#### Your objective
Starting at the line that has "Rack Plating Brass" and stopping after the line that has "Khaki Pocket Side", reproduce the listing below exactly; omit everything else.

────────────────────

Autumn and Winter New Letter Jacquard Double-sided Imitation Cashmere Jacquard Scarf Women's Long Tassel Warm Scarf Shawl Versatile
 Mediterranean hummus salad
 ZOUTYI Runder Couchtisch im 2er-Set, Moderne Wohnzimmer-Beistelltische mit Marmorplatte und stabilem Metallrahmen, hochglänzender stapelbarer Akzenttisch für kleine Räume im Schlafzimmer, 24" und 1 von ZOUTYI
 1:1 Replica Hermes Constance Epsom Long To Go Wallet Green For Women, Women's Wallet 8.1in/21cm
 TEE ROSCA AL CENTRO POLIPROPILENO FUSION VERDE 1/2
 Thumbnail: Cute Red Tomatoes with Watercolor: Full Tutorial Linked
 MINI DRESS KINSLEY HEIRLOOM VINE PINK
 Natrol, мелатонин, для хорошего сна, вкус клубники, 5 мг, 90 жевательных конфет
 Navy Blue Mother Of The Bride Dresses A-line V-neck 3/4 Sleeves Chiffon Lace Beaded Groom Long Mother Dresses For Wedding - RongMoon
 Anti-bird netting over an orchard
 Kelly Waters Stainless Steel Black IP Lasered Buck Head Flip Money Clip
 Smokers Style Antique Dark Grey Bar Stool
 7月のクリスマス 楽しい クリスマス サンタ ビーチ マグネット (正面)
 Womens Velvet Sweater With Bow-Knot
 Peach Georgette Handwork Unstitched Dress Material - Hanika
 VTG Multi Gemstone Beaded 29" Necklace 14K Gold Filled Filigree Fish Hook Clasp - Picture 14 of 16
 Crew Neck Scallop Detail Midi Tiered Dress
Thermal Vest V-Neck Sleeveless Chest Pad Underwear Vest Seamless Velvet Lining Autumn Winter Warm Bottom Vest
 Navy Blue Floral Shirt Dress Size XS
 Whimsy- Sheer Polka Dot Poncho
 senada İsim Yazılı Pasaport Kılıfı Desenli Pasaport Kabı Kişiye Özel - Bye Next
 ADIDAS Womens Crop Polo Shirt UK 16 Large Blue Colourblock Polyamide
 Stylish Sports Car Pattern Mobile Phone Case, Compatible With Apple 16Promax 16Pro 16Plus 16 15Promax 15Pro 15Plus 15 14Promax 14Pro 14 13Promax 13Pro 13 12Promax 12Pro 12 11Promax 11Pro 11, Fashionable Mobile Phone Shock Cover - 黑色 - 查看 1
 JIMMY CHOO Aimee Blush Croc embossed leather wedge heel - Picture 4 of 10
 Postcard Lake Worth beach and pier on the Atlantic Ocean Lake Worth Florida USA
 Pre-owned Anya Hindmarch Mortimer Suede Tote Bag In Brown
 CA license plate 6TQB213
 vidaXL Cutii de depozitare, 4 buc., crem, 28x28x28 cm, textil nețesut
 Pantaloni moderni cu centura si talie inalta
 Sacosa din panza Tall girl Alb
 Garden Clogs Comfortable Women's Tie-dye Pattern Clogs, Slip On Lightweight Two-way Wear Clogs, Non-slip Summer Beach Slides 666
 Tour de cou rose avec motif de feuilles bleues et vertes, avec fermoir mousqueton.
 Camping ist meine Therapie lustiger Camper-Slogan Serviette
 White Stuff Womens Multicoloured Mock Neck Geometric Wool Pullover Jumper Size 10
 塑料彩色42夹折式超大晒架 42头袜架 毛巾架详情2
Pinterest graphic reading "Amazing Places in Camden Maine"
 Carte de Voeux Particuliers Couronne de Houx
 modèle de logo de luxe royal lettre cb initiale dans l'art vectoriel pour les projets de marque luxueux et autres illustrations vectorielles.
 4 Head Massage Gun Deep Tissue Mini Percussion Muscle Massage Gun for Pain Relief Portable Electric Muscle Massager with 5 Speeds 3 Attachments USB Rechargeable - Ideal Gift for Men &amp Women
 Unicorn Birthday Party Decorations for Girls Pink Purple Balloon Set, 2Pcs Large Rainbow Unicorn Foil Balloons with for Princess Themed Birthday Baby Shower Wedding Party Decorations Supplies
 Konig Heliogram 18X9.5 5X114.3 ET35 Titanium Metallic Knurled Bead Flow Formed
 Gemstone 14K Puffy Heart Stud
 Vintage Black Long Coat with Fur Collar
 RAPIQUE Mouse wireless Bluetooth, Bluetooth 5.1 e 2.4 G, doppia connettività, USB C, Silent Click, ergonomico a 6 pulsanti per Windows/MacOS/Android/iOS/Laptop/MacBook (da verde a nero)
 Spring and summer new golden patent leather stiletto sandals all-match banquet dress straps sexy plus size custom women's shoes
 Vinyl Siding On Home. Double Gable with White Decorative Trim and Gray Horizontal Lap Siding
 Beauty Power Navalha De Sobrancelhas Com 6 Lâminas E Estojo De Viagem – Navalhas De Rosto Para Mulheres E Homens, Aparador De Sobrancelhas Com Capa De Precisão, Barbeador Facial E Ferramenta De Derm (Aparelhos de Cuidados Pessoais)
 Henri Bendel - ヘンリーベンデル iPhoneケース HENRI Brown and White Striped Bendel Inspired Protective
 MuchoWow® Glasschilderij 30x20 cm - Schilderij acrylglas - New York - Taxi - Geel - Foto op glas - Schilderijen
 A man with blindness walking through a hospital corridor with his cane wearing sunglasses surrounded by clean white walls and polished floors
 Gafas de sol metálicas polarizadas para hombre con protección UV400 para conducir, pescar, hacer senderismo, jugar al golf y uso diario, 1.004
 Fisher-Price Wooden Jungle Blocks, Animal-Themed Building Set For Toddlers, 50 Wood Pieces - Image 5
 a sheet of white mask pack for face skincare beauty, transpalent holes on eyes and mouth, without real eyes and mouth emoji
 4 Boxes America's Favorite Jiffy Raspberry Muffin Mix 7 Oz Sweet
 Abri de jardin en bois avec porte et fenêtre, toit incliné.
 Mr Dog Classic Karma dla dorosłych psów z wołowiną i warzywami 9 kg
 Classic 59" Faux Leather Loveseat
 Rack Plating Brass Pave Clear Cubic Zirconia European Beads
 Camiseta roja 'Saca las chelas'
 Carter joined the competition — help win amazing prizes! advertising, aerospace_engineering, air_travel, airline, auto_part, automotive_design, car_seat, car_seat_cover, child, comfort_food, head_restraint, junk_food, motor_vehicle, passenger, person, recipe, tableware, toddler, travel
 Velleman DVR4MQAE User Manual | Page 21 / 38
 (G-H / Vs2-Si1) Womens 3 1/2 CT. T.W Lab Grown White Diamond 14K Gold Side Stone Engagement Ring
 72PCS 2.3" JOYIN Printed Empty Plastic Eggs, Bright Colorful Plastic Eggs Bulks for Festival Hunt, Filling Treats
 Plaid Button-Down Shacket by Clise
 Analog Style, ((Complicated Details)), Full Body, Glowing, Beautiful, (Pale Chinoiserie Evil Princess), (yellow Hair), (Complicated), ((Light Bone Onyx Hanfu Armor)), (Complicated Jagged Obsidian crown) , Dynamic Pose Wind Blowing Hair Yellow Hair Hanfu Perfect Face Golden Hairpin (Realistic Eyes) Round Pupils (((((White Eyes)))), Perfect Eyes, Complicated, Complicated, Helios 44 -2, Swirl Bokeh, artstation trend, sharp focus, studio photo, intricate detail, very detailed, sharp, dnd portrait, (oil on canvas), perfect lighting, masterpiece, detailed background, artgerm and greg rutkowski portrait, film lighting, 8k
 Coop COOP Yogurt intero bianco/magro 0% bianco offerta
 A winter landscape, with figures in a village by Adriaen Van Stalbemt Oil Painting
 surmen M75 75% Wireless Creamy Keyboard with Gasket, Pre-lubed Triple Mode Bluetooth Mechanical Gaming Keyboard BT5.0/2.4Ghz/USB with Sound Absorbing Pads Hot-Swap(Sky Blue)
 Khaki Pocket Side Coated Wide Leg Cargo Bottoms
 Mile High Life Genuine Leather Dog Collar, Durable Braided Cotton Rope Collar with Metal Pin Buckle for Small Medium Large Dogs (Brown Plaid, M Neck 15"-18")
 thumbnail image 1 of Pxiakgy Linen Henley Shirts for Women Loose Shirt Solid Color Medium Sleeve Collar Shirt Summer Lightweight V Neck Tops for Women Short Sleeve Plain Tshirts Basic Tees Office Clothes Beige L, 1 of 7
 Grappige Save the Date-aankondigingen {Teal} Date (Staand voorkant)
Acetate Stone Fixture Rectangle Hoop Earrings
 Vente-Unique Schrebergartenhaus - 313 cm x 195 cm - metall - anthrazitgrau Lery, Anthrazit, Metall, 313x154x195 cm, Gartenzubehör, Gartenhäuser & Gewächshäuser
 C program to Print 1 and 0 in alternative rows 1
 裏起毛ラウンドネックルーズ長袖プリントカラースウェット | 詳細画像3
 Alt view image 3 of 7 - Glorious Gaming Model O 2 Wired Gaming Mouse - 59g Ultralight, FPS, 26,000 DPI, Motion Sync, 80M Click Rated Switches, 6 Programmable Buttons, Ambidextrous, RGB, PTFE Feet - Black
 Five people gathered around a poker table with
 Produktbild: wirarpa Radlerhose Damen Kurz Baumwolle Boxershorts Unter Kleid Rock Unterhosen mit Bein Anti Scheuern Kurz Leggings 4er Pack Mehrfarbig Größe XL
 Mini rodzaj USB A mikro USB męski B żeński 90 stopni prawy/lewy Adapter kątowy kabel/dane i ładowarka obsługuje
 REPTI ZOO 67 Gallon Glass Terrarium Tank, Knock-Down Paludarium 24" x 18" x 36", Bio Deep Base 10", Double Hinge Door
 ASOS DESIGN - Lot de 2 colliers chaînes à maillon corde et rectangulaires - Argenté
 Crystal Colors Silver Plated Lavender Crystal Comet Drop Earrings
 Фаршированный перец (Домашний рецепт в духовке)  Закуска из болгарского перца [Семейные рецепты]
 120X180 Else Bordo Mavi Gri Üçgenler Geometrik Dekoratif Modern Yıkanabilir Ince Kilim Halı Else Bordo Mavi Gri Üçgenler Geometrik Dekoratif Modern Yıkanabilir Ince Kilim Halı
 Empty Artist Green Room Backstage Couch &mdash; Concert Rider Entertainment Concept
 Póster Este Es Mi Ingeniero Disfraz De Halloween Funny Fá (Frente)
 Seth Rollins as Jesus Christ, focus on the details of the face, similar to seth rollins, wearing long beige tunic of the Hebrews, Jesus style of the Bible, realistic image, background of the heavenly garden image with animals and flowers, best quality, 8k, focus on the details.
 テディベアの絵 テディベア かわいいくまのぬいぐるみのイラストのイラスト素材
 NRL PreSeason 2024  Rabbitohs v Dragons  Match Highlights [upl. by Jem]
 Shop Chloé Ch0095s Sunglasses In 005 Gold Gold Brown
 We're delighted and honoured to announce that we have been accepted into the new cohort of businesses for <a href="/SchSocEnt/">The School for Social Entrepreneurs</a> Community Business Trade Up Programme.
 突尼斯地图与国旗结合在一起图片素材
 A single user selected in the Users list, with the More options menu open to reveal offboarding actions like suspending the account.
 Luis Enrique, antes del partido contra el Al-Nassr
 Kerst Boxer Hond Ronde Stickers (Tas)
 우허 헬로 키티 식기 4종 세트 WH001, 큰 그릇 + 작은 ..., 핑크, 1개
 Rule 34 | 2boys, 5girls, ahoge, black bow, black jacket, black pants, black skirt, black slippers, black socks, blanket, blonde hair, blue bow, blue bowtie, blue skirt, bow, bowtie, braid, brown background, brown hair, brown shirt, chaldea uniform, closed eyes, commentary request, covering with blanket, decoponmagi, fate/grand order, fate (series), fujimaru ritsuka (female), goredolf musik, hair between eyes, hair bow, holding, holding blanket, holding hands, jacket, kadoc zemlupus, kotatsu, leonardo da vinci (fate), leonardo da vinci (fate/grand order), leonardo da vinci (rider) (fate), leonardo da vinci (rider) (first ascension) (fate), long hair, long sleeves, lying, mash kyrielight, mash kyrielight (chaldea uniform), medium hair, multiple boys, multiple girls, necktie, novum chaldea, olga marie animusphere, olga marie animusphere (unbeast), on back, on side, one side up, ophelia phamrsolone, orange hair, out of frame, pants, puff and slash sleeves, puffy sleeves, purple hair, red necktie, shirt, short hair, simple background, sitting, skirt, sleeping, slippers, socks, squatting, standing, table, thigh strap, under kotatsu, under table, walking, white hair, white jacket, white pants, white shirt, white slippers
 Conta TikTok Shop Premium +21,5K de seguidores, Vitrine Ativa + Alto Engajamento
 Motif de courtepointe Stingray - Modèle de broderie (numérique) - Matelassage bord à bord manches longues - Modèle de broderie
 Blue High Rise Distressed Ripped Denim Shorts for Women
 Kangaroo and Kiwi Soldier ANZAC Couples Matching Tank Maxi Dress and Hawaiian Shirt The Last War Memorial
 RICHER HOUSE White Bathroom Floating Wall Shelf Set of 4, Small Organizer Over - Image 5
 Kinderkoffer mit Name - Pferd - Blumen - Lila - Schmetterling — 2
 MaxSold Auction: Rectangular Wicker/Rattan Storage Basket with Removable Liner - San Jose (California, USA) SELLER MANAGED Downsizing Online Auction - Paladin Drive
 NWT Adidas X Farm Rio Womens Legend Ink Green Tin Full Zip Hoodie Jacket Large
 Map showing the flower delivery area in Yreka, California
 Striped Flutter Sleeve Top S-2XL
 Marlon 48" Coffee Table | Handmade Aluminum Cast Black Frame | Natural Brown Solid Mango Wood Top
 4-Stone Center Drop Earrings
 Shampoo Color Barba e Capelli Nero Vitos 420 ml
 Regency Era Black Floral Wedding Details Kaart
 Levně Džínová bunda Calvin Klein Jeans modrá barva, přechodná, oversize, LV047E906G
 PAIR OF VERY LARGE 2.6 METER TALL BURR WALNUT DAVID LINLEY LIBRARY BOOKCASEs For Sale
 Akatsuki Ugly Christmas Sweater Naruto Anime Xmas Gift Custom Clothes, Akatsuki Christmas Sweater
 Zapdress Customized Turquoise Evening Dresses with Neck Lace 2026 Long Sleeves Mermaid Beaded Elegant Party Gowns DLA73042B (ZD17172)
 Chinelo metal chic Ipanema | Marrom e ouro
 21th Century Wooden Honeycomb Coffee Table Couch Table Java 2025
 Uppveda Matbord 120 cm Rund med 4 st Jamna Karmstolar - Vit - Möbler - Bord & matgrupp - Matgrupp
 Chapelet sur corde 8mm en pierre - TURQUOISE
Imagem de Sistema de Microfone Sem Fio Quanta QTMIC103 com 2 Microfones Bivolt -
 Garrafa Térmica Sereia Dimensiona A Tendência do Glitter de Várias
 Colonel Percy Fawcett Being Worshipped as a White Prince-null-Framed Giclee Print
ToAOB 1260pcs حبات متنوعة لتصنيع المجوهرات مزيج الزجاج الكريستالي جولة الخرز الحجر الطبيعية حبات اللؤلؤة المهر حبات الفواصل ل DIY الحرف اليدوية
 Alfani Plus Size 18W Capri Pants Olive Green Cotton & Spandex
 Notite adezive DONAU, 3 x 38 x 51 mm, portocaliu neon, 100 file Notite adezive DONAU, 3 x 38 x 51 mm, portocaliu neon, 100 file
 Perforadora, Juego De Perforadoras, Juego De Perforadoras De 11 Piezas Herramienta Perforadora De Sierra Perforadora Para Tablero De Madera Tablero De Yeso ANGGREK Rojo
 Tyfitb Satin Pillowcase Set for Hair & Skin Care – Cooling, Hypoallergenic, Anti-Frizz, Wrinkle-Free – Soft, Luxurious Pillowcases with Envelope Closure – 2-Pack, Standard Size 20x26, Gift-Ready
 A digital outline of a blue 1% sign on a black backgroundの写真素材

────────────────────

#### Response to the task
 Rack Plating Brass Pave Clear Cubic Zirconia European Beads
 Camiseta roja 'Saca las chelas'
 Carter joined the competition — help win amazing prizes! advertising, aerospace_engineering, air_travel, airline, auto_part, automotive_design, car_seat, car_seat_cover, child, comfort_food, head_restraint, junk_food, motor_vehicle, passenger, person, recipe, tableware, toddler, travel
 Velleman DVR4MQAE User Manual | Page 21 / 38
 (G-H / Vs2-Si1) Womens 3 1/2 CT. T.W Lab Grown White Diamond 14K Gold Side Stone Engagement Ring
 72PCS 2.3" JOYIN Printed Empty Plastic Eggs, Bright Colorful Plastic Eggs Bulks for Festival Hunt, Filling Treats
 Plaid Button-Down Shacket by Clise
 Analog Style, ((Complicated Details)), Full Body, Glowing, Beautiful, (Pale Chinoiserie Evil Princess), (yellow Hair), (Complicated), ((Light Bone Onyx Hanfu Armor)), (Complicated Jagged Obsidian crown) , Dynamic Pose Wind Blowing Hair Yellow Hair Hanfu Perfect Face Golden Hairpin (Realistic Eyes) Round Pupils (((((White Eyes)))), Perfect Eyes, Complicated, Complicated, Helios 44 -2, Swirl Bokeh, artstation trend, sharp focus, studio photo, intricate detail, very detailed, sharp, dnd portrait, (oil on canvas), perfect lighting, masterpiece, detailed background, artgerm and greg rutkowski portrait, film lighting, 8k
 Coop COOP Yogurt intero bianco/magro 0% bianco offerta
 A winter landscape, with figures in a village by Adriaen Van Stalbemt Oil Painting
 surmen M75 75% Wireless Creamy Keyboard with Gasket, Pre-lubed Triple Mode Bluetooth Mechanical Gaming Keyboard BT5.0/2.4Ghz/USB with Sound Absorbing Pads Hot-Swap(Sky Blue)
 Khaki Pocket Side Coated Wide Leg Cargo Bottoms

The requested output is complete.